For most of the remaining projects in CS 2 (including this one), you will be allowed to work in groups of two. You may discuss high-level ideas with students outside your group, but any viewing, sharing, copying, or dictating of code is forbidden. Dean’s Tutors may not read your code.
Goals and Outcomes
In this project, you will implement one data structure (called a trie) and two versions of an autocomplete algorithm (one that uses Java’s HashMap
and one that uses
your Trie
). Your autocomplete algorithms will then be used to be the backend of a system that complete the names of movies in a search field.
By the end of this project, you will…
- be able to run an efficient autocomplete algorithm on a variety of datasets
- understand how to implement a trie data structure and some algorithms that correspond to them
- have gained a better understanding of API design, as it relates to making projects usable with a variety of clients
Connection to Lecture
This project covers lecture08 (trees) and lecture09 (tries). You will likely find the code from these two lectures to be very useful in the later parts of this project.
Overview and Implementation Strategy
In the previous project, you wrote three implementations of the IDeque
interface. This time, you will continue our mission of implementing all the data structures ourselves by
writing a trie implementation of the IDictionary
interface. In addition to building a trie data structure, you will write an autocomplete algorithm which can switch between
using a backing java.util.HashMap
and your very own TrieMap
.
Just to be super clear: the only data structures in java.util
that you are allowed to use in this project are java.util.HashMap
and java.util.HashSet
.
Deques Again
The first thing you should do for this project is copy over your deque implementations from project03. You may choose either partner’s implementation of each of the data structures, but,
at a minimum, you must copy over someone’s ArrayDeque
and someone’s LinkedDeque
. You should place them in the edu.caltech.cs2.datastructures
package.
If neither partner has both IDeque
’s working, e-mail Adam immediately.
HashMovieAutoCompleter
Requirements
First, we will implement a movie autocompleter algorithm backed by a HashMap
. Our autocomplete implementation will be case-insensitive, and will suggest a list of movie names,
given a set of words.
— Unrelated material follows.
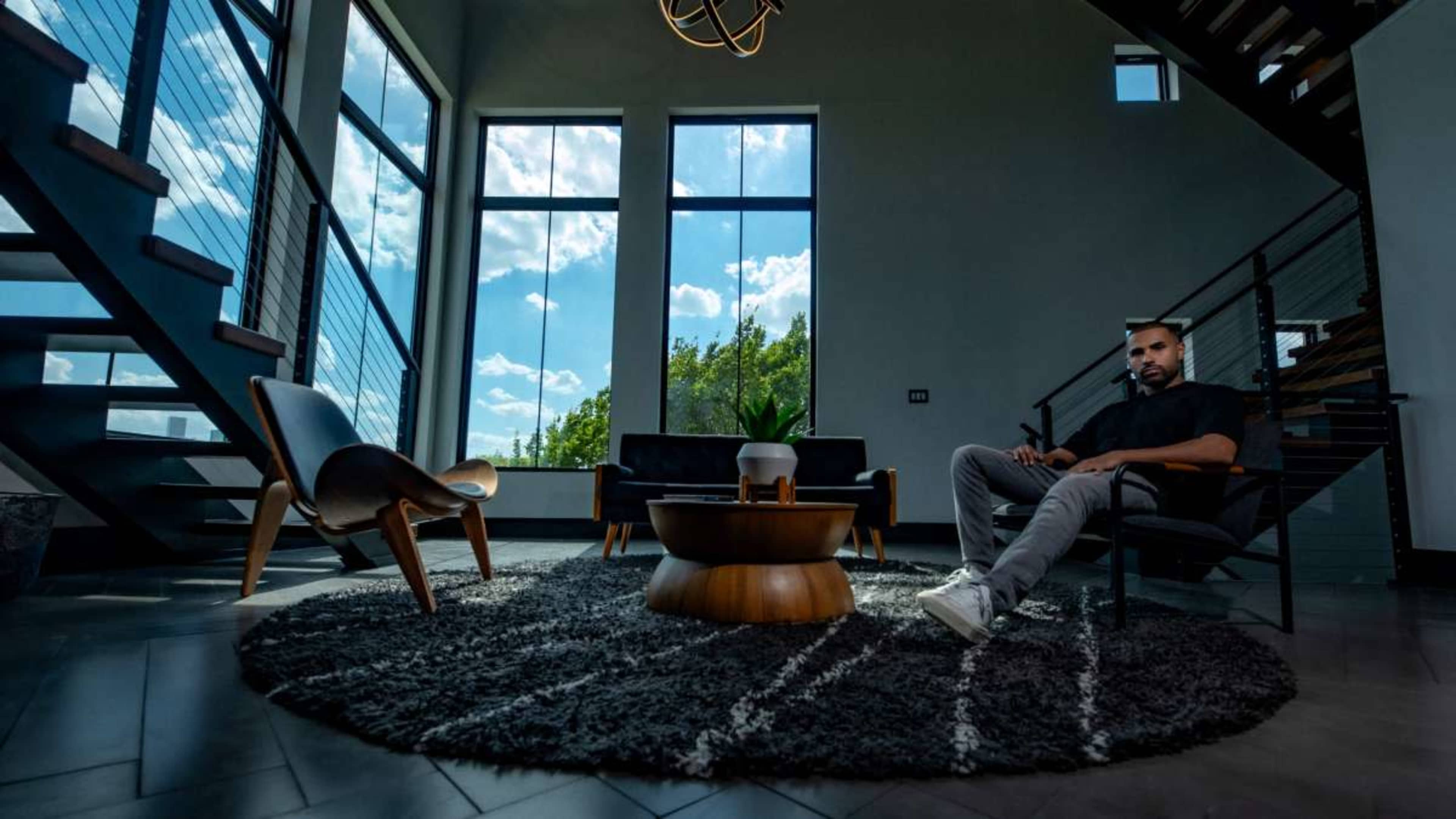 A man sits in a modern living room with large windows, displaying a view of the sky and greenery, alongside contemporary furniture.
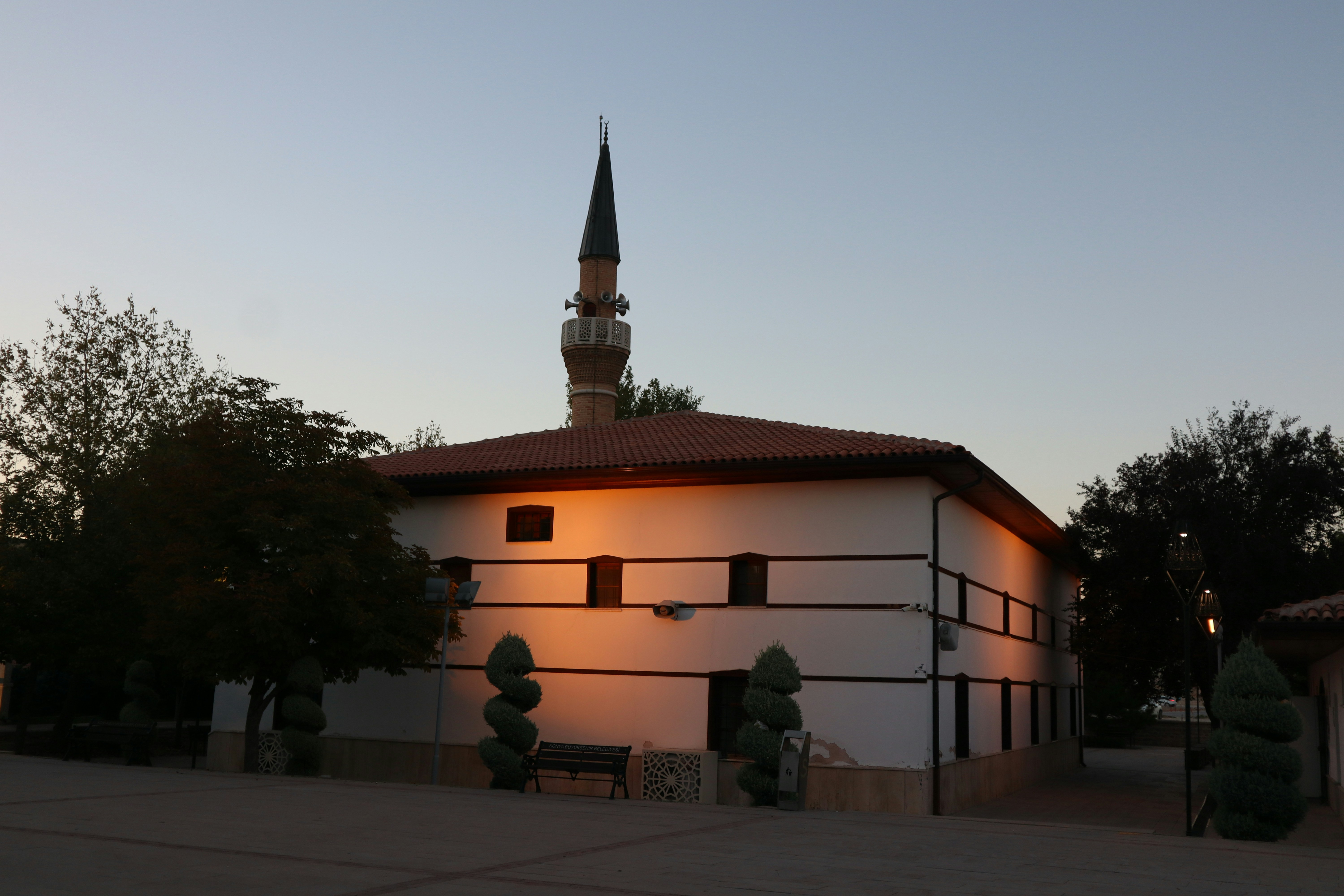 Mosque with minaret at dusk with warm light.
Consider the movie database that includes the following movies:
- The Avengers
- The Avengers Age of Ultron
- Captain America
- Black Panther
- Transformers Age of Extinction
Now consider the autocomplete query "age of"
. We want to match on any set of consecutive words in a movie title; so, we should suggest
["The Avengers Age of Ultron", "Transformers Age of Extinction"]
.
However, if the query is "of age"
, we should not suggest anything, because none of the movies have “of” and “age” in that order.
Similarly, if our autocomplete query is "the"
, then we should suggest ["The Avengers", "The Avengers Age of Ultron"]
.
In our first AutoCompleter, HashMovieAutoCompleter
, the backing data structure will be a java.util.HashMap
which maps each normalized movie title
to an IDeque
s of “suffixes” that can be formed from that title.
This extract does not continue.